You need employees who know what is hot, what systems the games will and won’t work on PS, PS2 or PS3??? The Gamestop & Replay folks know when to start/stop buying Pokemon or Batman and the going rate. Walmart and Best Buy can’t put that level of knowledge in their stores.

Marge Laney
Guest
11 years 3 months ago

Gene makes a great point. If it’s about customer experience and requires deep associate knowledge and involvement to succeed, Walmart, et al need not apply.

Craig Sundstrom
Guest
11 years 3 months ago

I think this is a terrible mistake, and both WM and BB will be in Chapter 11 by year’s end…well, OK, maybe not. But I suppose at least some of us are smiling inside to (finally) see the behemoths in retreat on something.

Adam Drake
Guest
Adam Drake
11 years 3 months ago

In my limited exposure to the used game business I learned that there are great difficulties navigating the supplier landscape and securing product. It seems a difficult world to step into but Gamestop has proven it to be extremely profitable.

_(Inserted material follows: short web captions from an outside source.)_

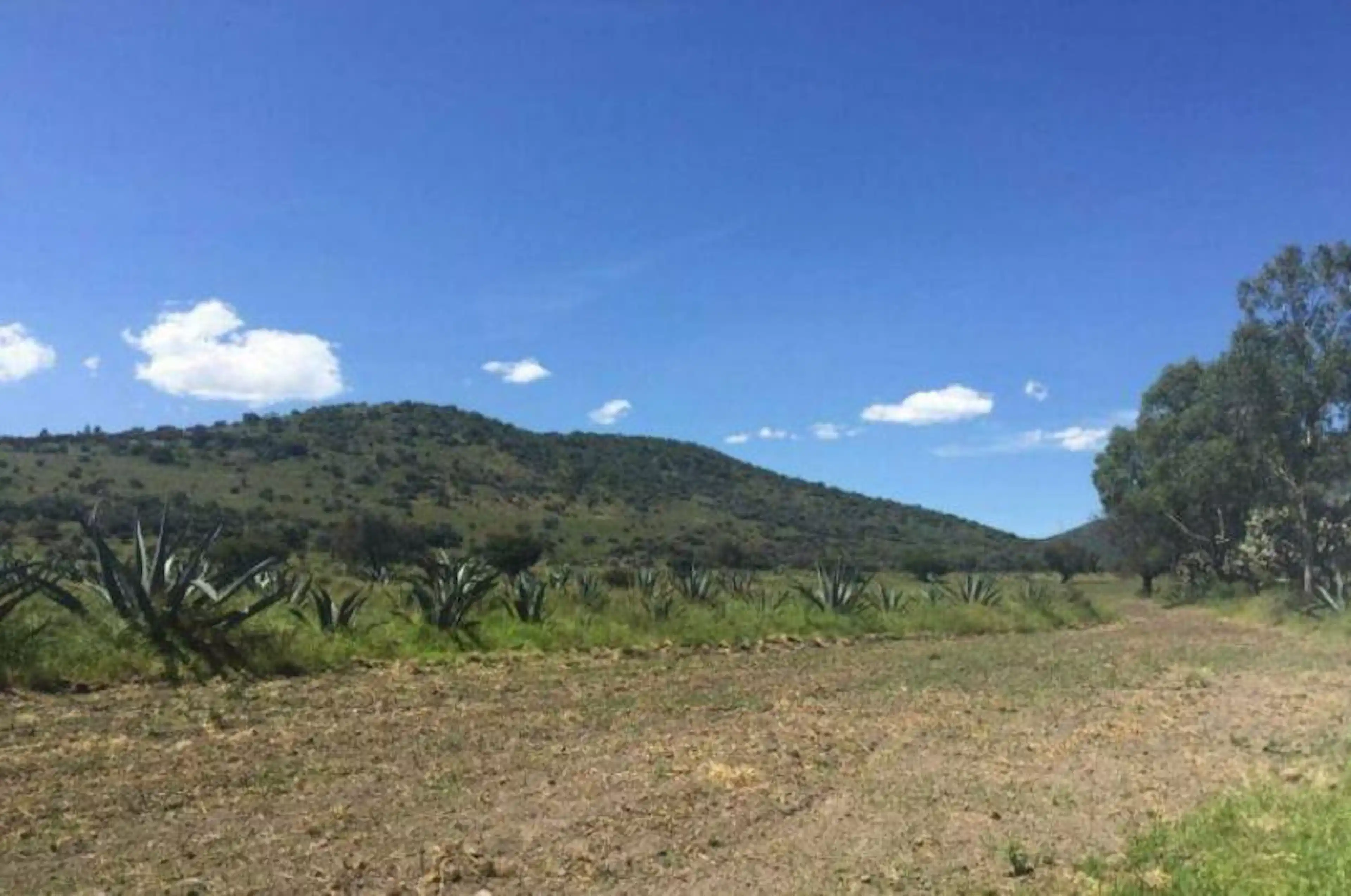 En Venta 2 Terrenos En Jolalpán, Municipio De Tepetlaoxtoc, Texcoco, Edo. De México. C3021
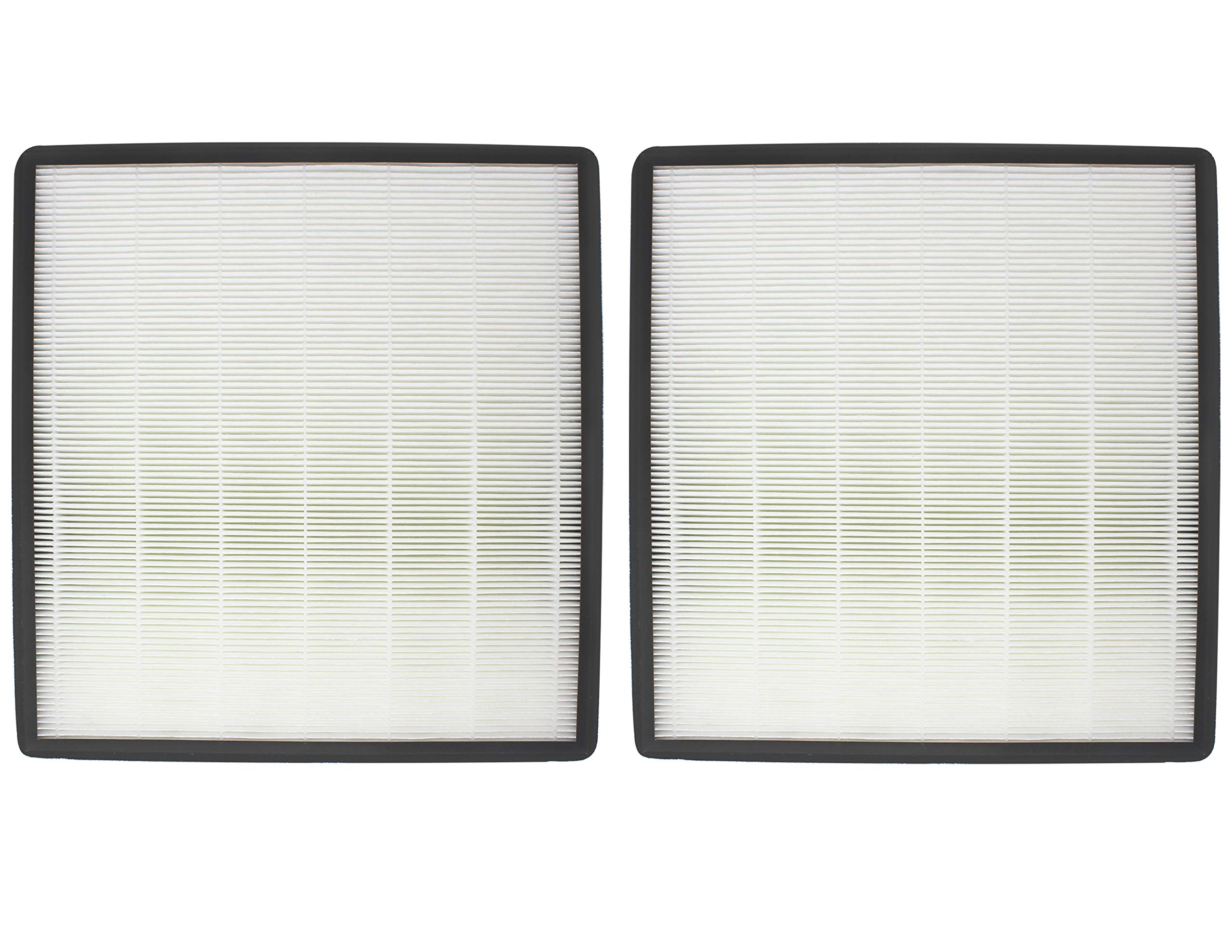 Fette Filter - Air Purifier True HEPA Filter F Compatible with Holmes HAP769. Compare to Part # HAPF700 (2 Pack)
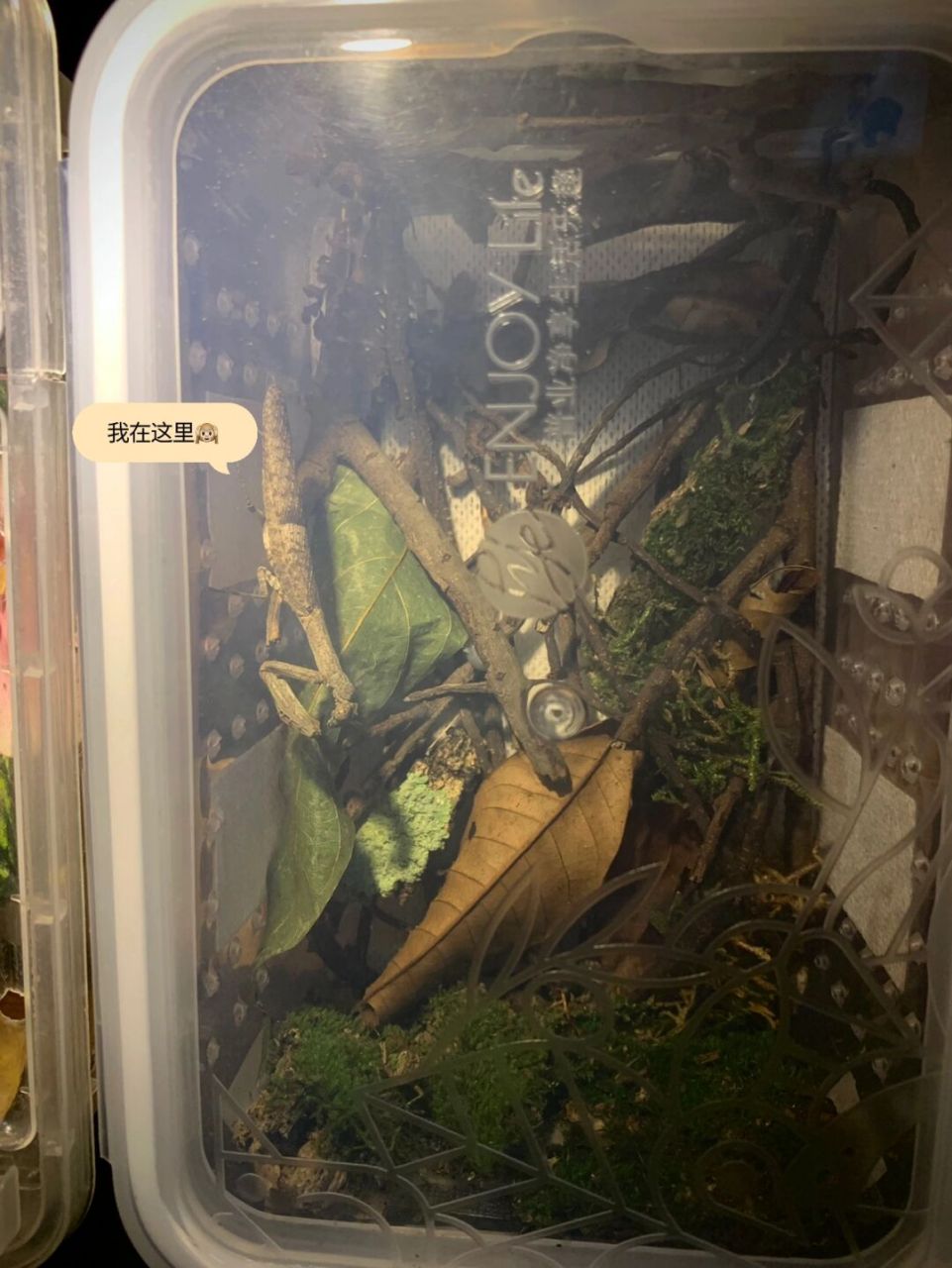 棍棍螳螂 产于西双版纳的中印枝螳,模仿树枝的样子,不太容易发现[害羞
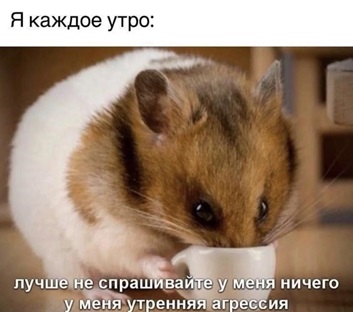 https://i4.imageban.ru/out/2026/07/03/b3a900b939ed80f6a5fbe3b34dbd759d.jpg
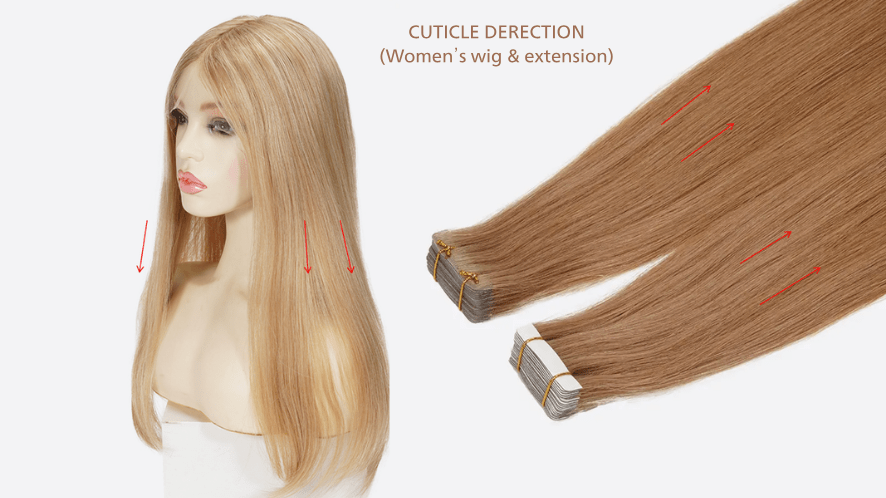 aligned hair cuticle direction of women's wigs and extensions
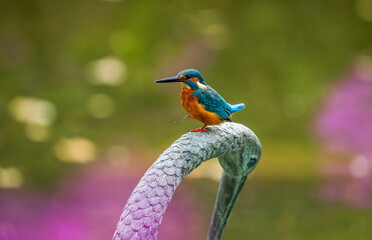 Fototapeta premium Kingfisher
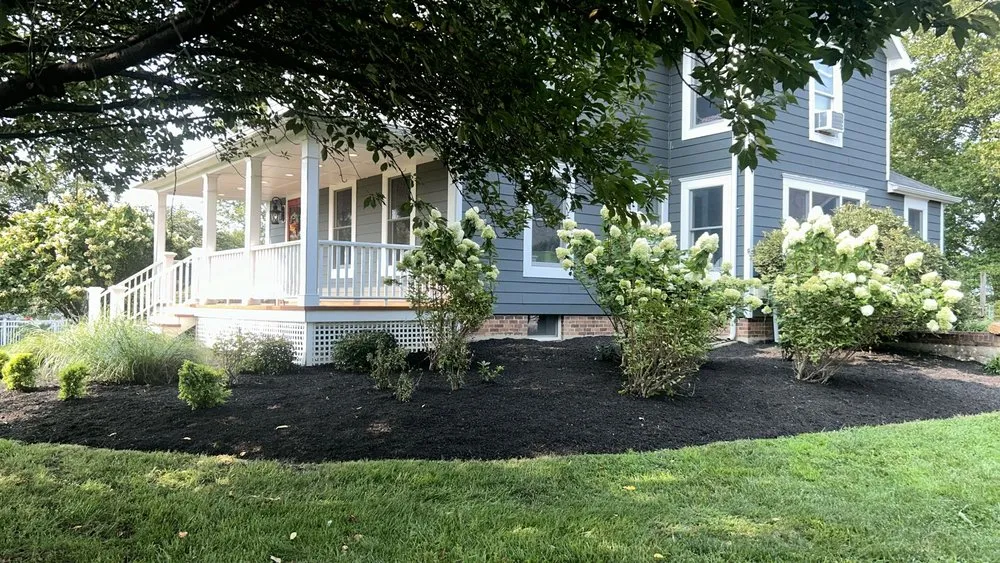 Affordable landscaping services in Silver Spring, MD by The Top Team Lawn Care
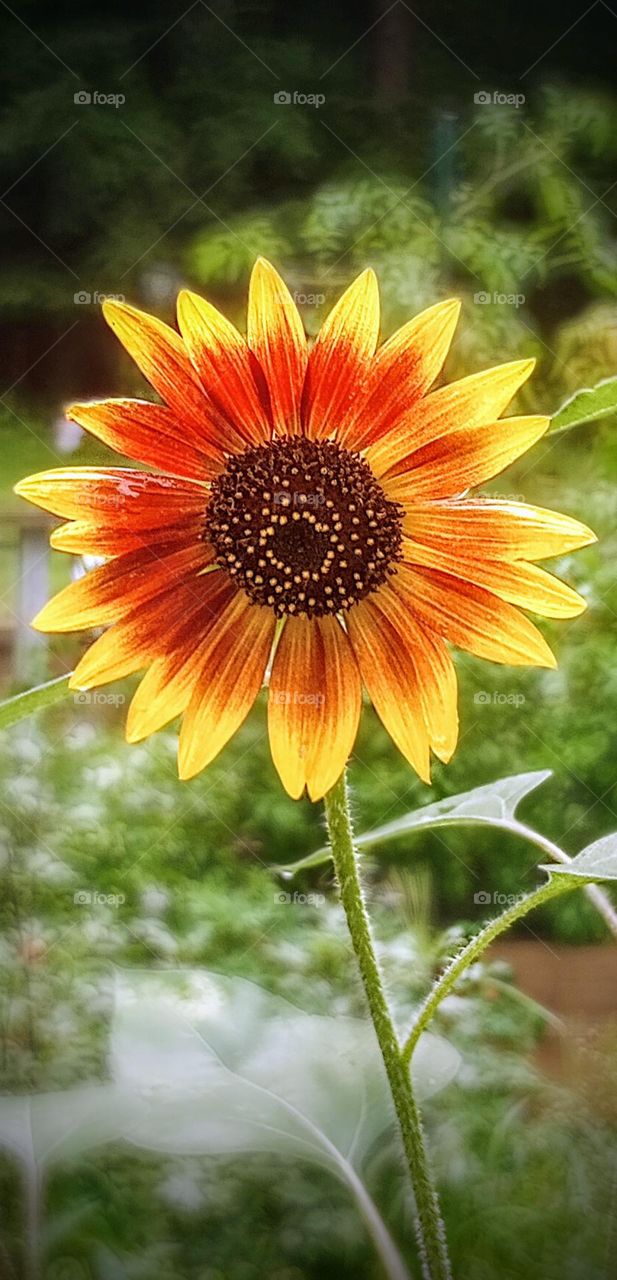 Sunflower Colors
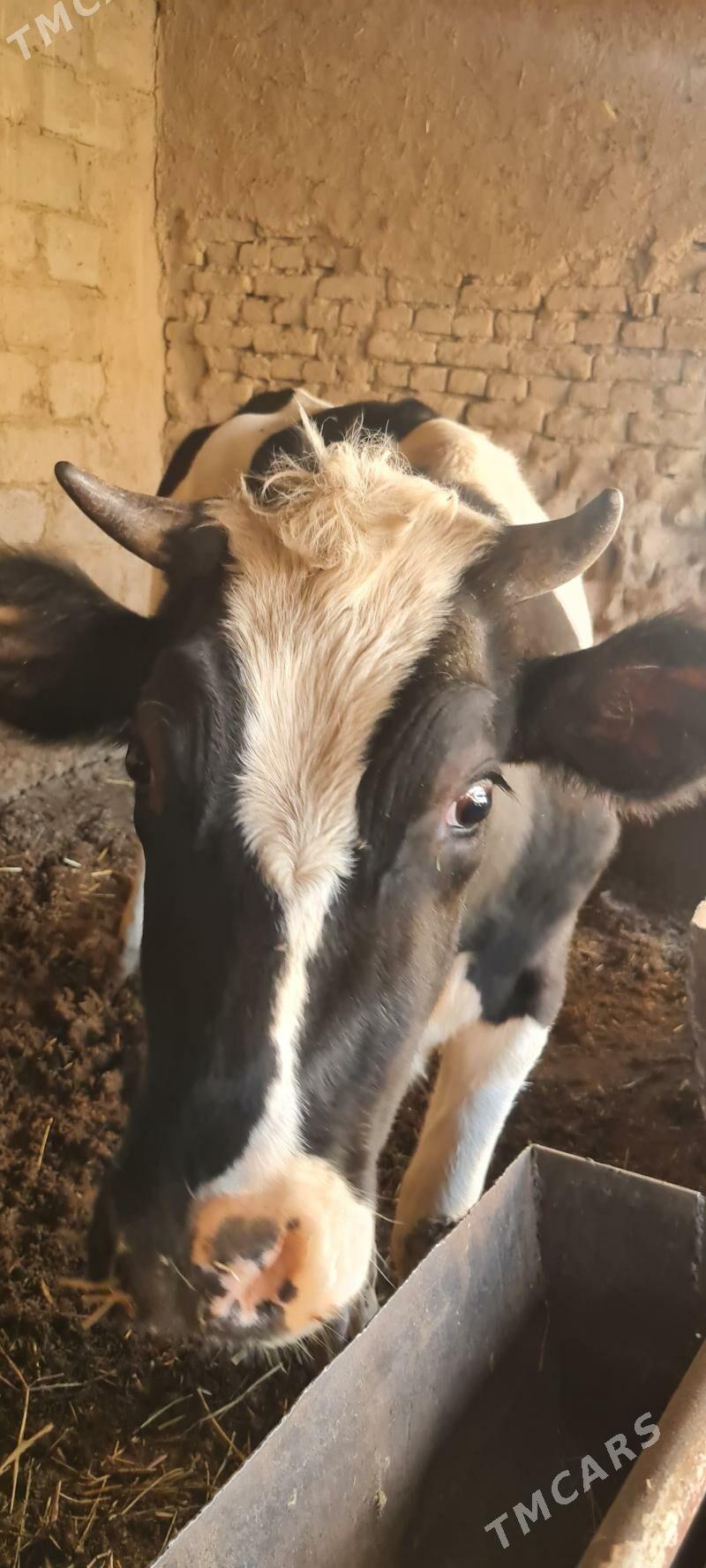 sygyr - Чарджоу - img 1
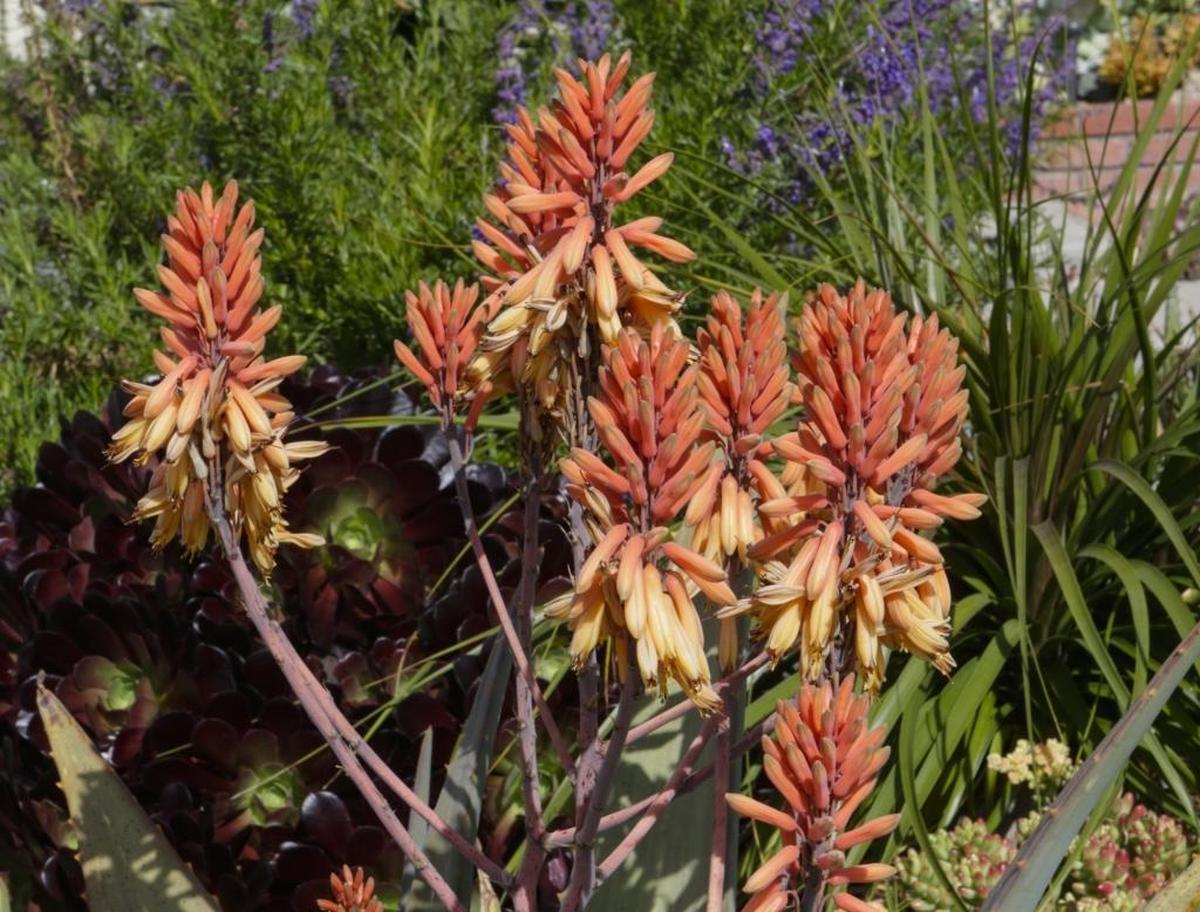 Aloe camperi ‘Cornuta’ blooms are shown in the foreground while Wooly Blue Curls add a cool note in the background.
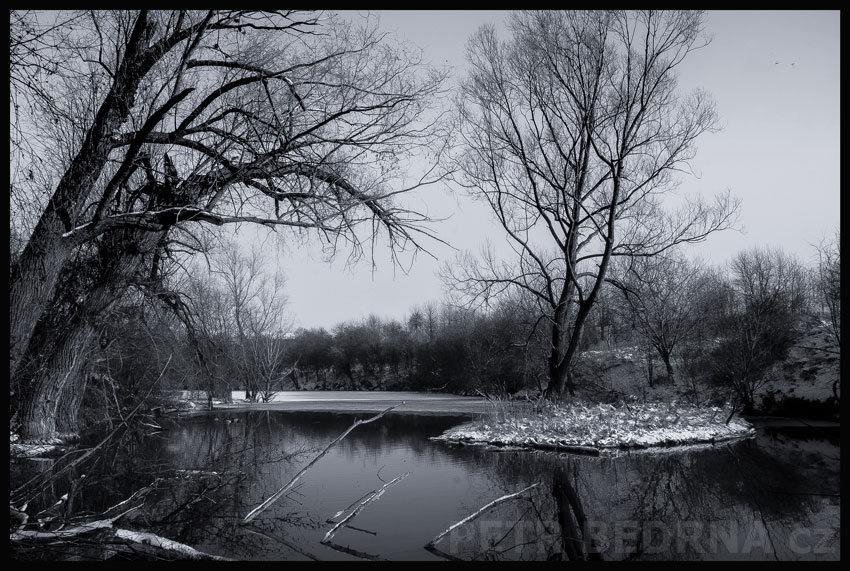 stromy, Stromy kibicové a dáma na ostrůvku, Hostouň, Kladno, rybníček, příroda, obzor, Česko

I don’t know exactly why WMT and BBY couldn’t make money. It may be because of the supplier challenges. Or it could be because kiosks never, ever work. Everyone seems to chase kiosks as a selling tool and I’ve seen dozens attempted but none successful. I am genuinely interested if anyone has seen a successful selling kiosk (as opposed to checkout/check-in, plan selection, etc.).

David Drain
Guest
David Drain
11 years 3 months ago

It’s interesting that Redbox is successful while e-Play was not. I never saw or used one of these kiosks so I can’t comment on the user experience. Redbox is piloting video game rentals, which makes a lot of sense to me.